Conclusions and Emerging Lessons
This paper has introduced a framework to assess the form and function of ICTs designed to prevent and reduce violence in Latin America. While there appears to be terrific growth in such ICTs across the region, it is still too early to assess their broad impacts in the aggregate. Indeed, there is anecdotal evidence of some vertical ICT interventions generating important reductions in homicidal violence and improved intelligence and rationalization of police forces (Meurn 2011). There is considerably less information on the outcomes of horizontal measures. The ‘field’ is itself rapidly evolving and highly decentralized, not easily amenable to controlled scientific measurement on the ground. This makes the determination of definitive lessons learned difficult at this stage. Nevertheless, there is an apparent rapid growth in ICT use for violence prevention which is, in turn, suggestive of a wider appetite. An increasing number of public entities - police and metropolitan authorities are the tip of the iceberg - are actively enhancing their capabilities. While in some cases proceeding cautiously owing to structural concerns with transparency, it is now accepted wisdom that (especially mobile) ICTs - including the use of crowdsourcing, geospatial and geothermal mapping, and other data fusion techniques - are essential to mapping hot spots, prioritizing resources, planning interventions, and assessing outcomes. Likewise, citizen groups are experimenting with frontline data harvesting techniques and paving the way for a new generation of big-data research.

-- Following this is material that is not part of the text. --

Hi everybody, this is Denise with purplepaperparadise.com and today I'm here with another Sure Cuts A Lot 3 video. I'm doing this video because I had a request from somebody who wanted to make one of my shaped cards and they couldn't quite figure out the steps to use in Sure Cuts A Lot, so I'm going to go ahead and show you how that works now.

Notwithstanding the enthusiasm for technology-driven approaches to security promotion, Latin America is still a long way off from a genuinely democratic public-security project. Indeed, many government institutions have yet to fully embrace new technologies on ‘sensitive’ issues of organized and interpersonal violence, sometimes with good reason. New technologies can often dilute and diffuse information, an anathema to the older establishment that favors centralized forms of data management (such as some of the hotline systems documented above). As for citizens, many have engaged actively in innovative approaches to promoting safety, albeit sometimes at considerable risk and personal cost.
Yet, a similar number have yet to engage in the digital revolution, either because they are systemically excluded or because of fears of retribution. This speaks as much to the failures of the social contract as to the spectacularly brutal forms of violence meted out by cartels, such as the Zetas, on those who seek to denounce them. Nevertheless, there appear to be more and more examples of social media bringing previously ‘untold’ stories to light, including those that demonstrate how underserviced and vulnerable populations are affected by violence. New media transmits information faster than conventional media, often visually and in real time, and it is transforming the ways in which information is produced, consumed, and disseminated.
This final section sets out a number of tentative entry points and recommendations for stakeholders involved with violence prevention in Latin America. The focus is on international organizations, national and municipal governments, and civil society entities. It is, of course, challenging to issue standardized guidance given the extraordinary heterogeneity of Latin American states and societies. Indeed, a critical finding of this paper is the highly uneven penetration of Internet and mobile technology not just between regions, but also within them. Indeed, the variegated access to ICTs also extends to states, cities, and neighborhoods. This variation must be accounted for in the design of any strategies to mobilize ICTs for violence prevention and reduction.
Acknowledge that there is already massive engagement with ICTs in Latin America and that this is likely to expand in the foreseeable future. The basic demographic calculus of the region suggests that ICT use will grow even as it ‘matures’ across the population. Moreover, there is evidence that social media, new forms of data-fusion technology, and digital activism are creating a new arena for monitoring and responding to violence in the region.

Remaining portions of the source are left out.